Exactly. The stage keyboard is dead innovation wise. The synth market is alive and well. The whole modular boom, Korg's analogs, Moog and smaller vendors are making exciting stuff.


What about Minilogue XD then? Does its extensibility count for being innovative?


It seems to me that the Minilogue XD is just a stripped down Prologue. The Prologue is fairly prosaic (and largely analog, since we were talking about digital) -- being largely 8 Monologues in a box. Except for one item, the programmable oscillator facility. That is definitely innovative. Extensibility is pretty interesting; of course, it's been done before (Mutable, etc.), but not on this scale.


What really flummoxes me is how my Yamaha SY99, which is a digital FM synth from 1991 with 512kb of memory and, by modern standards, a tiny, tiny CPU, manages to do things that are really CPU intensive on a normal OS (like large plate reverb, tons of polyphony, on 12 tracks at a time) without ever lagging. The only real limit I've hit on it is loading in proper samples, versus waveforms, though this[1] insane project seems to have hacked memory expansion boards for the old SY/TG random. This is a piece of purely digital equipment that is now 27 years old, and yet my phone doesn't last for more than 2 years without feeling obsolete.

Why is this? I've always wondered if these golden-age hardware FM synths provide any benefits over software (people talk about the super HQ DACs, etc., but I'm not sure if I buy that these components are better than modern commodity equipment?). The thing is, to my ear, the SY99/SY77 etc. do sound a lot better than e.g. Dexed or FM8, but is that just because Yamaha patented a bunch of the FM algos and architectures, and, with a retail price of £3,000 in 1991, they put more care into a complete end product than a VST FM developer realistically would? Or, can really low memory, low CPU, super purpose-built hardware somehow win against a modern OS?

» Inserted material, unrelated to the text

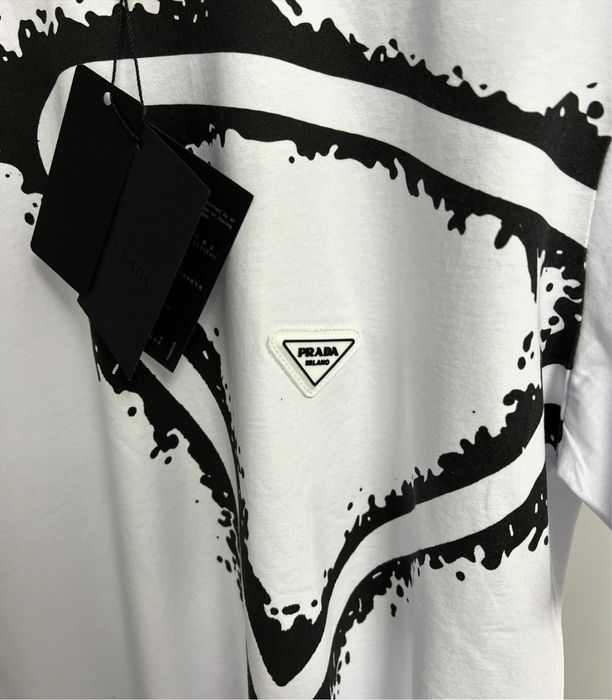 Tricou PRADA super calitate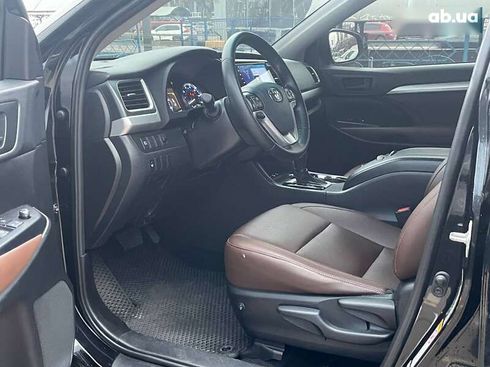Toyota Highlander 2018 - фото 8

[1] https://www.sector101.co.uk/waveblade.html


Modern systems largely sacrifice consistent latency for more throughput and more energy efficiency. This leads to modern systems being able to do much more, but also having frequent little responsiveness hiccups and occasional larger hiccups. If you want to do a smaller job consistently, a simpler embedded system architecture is still the way to go. This is especially true when doing any kind of low-level signal generation, whether it be audio, video, or control.

As for the sound, I don't think Yamaha's implementation of "FM" [1] has been comprehensively reverse-engineered in the way that, say, the Commodore SID has. There are a lot of little quirks and edge cases to take into account when considering the full operational ranges of the various chips. Even MAME's implementation is allegedly distinguishable even after 20 years of tweaking and testing against hundreds of games, and I imagine most VSTs are using significantly less mature code.

[1] I recall reading that the actual implementation is phase modulation because directly doing FM in the digital domain would put quantization error in the frequency domain, i.e. notes would be off-pitch instead of having noise.


Comparing difficulty between FM and SID is a bit apples to oranges. The SID has analog variance in its filter, and no two are exactly the same, so a pure DSP implementation has to do rather heavy math to approximate the filter. As a result most people lean on a handful of SID emulation cores because otherwise their emulation is just wrong.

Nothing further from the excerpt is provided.